··· Dataset content ···

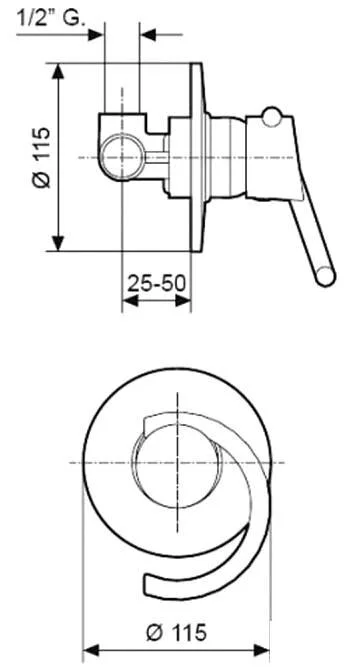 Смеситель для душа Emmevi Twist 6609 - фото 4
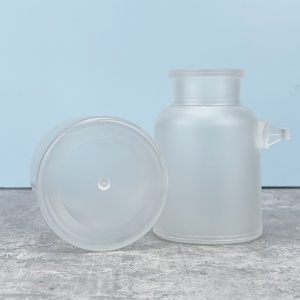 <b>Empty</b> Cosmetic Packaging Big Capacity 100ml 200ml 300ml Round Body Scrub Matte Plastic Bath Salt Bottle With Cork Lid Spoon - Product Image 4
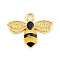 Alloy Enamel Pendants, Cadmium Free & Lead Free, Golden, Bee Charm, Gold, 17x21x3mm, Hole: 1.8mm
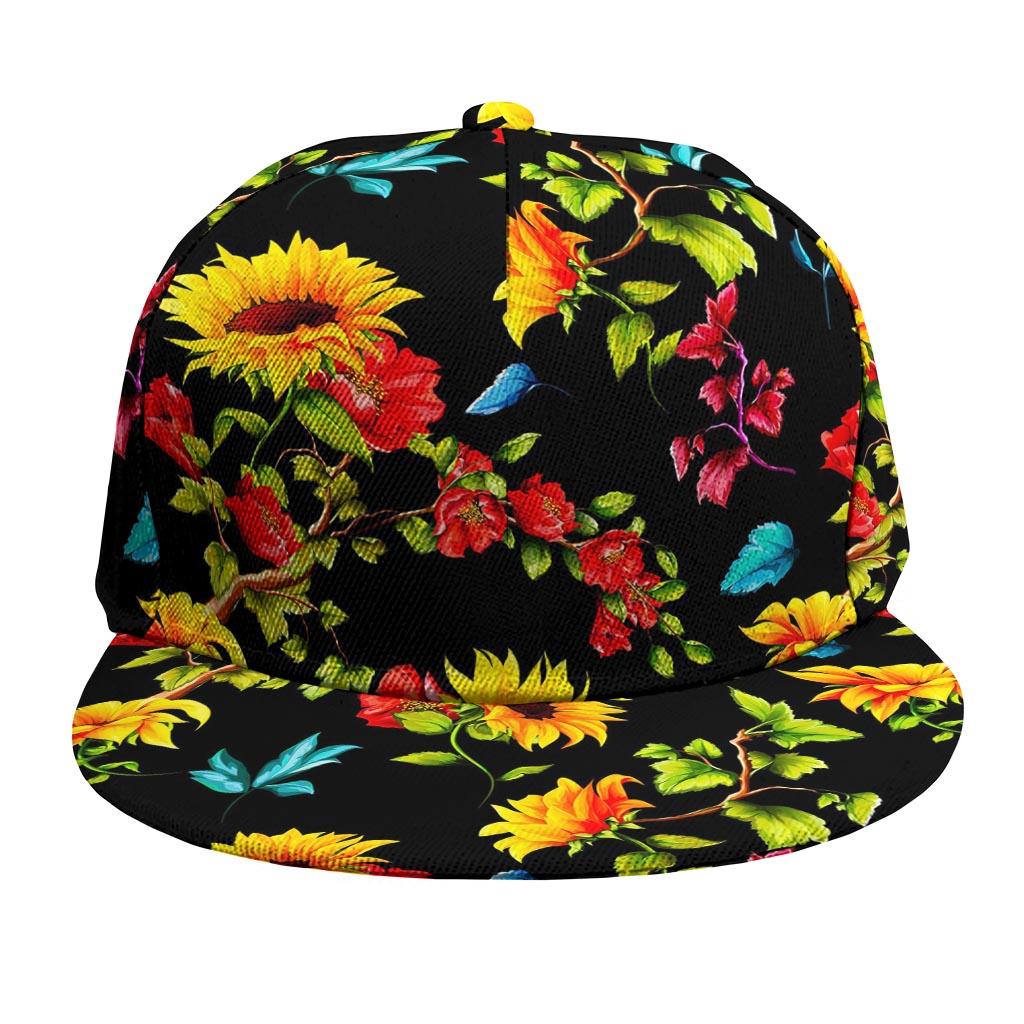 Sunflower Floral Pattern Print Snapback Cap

···

Exercise objective: Exact copy, pictures removed: set down the whole listing above.

Reply to the task:
 Смеситель для душа Emmevi Twist 6609 - фото 4
 <b>Empty</b> Cosmetic Packaging Big Capacity 100ml 200ml 300ml Round Body Scrub Matte Plastic Bath Salt Bottle With Cork Lid Spoon - Product Image 4
 Alloy Enamel Pendants, Cadmium Free & Lead Free, Golden, Bee Charm, Gold, 17x21x3mm, Hole: 1.8mm
 Sunflower Floral Pattern Print Snapback Cap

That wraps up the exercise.